Monday, July 06, 2015

Americans Can Hold Contradictions – Why Not Lawmakers

Anyone bent on loosening regulations on water quality and environmental protection overall is well advised to look at the new Harris Poll.

It shows that 77% of Americans support stricter environmental protection, a ratio of more than 3-to-1. This includes 58% of Republicans.

Showing the strength of those sentiments, those who feel strongly are 4 to 1 in favor of stricter environmental protection.

Americans also support less government regulation by a ratio of 2.4 to 1, including 57% of Democrats and 76% of Independents.

Those who feel strongly are 4.6-to-1 in favor of less government regulation.

Of course, according to Republican friends of mine who have held high office, opposition in that party is more about the fact that regulations aren’t being enforced and when they are, all too often it is unevenly.

So why is it then, that seemingly well-intended Republican lawmakers at the state and national level seem so indiscriminate when it comes to what they call regulation reform?

Some pundits speculate that it is a passive-aggressive reaction among those who have not had to actually govern before.  Others think it is because they hear or listen only to an eco-chamber of confirmation bias.

Others fear it is due to “solution aversion,” or what’s called “motivated skepticism.”

But it might be as simple as the inability for many people to “hold contradictions in creative tension,” a condition that seems to escalate when people are elected to high office where they become adversarial listeners.

It’s the same discomfort that prevents so many of us from thinking strategically, a discomfort with uncertainty, paradox and ambiguity.

There is a term for the inability to hold contradictory ideas simultaneously.  Researchers In psychology call it cognitive dissonance.

It makes some elected officials seem suddenly too stupid to accept what their constituents obviously can, the seeming paradoxical views that we need stricter environmental protection and less government regulation.

Or is it that special interests won’t let them?

The issue of gun rights is another example.  By a margin of 59% to 41%, Americans support stricter gun control including more than a third of Republicans.

Americans opposed to stricter gun measures also include 43% of Independents and 20% of Democrats.

Those who feel strongly in favor of stricter gun control (38%) outnumber those strongly opposed (24%) according to the Harris poll.

Even more telling though, according to recent Pew poll, is that even a majority of NRA member households while adamant about protecting gun rights are also heavily (74%) in favor some measures of gun control such as background checks for private gun sales.

In fact, a third also support bans on assault-style weapons and high-capacity ammunition clips.

Political ideology has been defined as “an interrelated set of moral and political attitudes that possesses cognitive, affective, and motivational components.”

It may be useful as a means to funnel and align ideas but it can also make us blind to subtleties and contradictions we hold.  At its worst though, in the words of Pope Francis, it makes us “hostile and arrogant” as well as stupid.

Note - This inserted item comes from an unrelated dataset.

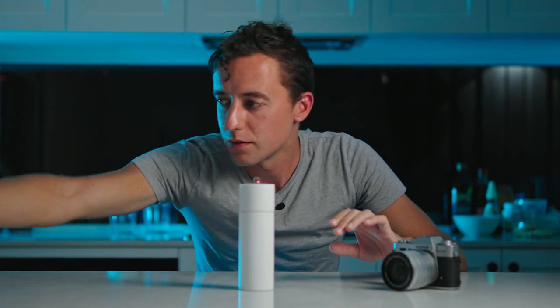Tonight we're just gonna photograph some fancy looking salt and pepper shakers. Say you wanna sell something like this. First step: get yourself a camera.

Many of us want desperately for our states and nation to be led by lawmakers who can hold contradictions such as those I’ve used as examples in this essay but that will mean more than a swing of the pendulum of whose in the majority.

As Americans, we each need to be better at expressing the contradistinctions we hold rather than just hoping elected officials more diligently read opinion polls.

In his extraordinary book entitled Healing the Heart of Democracy: The Courage to Create a Politics Worthy of the Human Spirit, Dr. Parker J. Palmer, a Quaker educator and writer, notes that five interwoven habits of the heart are needed.

He uses two words to summarize all five: “chutzpah and humility.”

By chutzpah he means having “a voice that needs to be heard and the right to speak it.”

By humility he means “accepting the fact that my truth is always partial and may not be true at all – so I need to listen with openness and respect, especially to “the other,” as much as I need to speak my own voice with clarity and conviction.”

Usually, anyone running for office has the first on steroids.

When we elect representatives, I dare say that it is the latter that should guide our choice.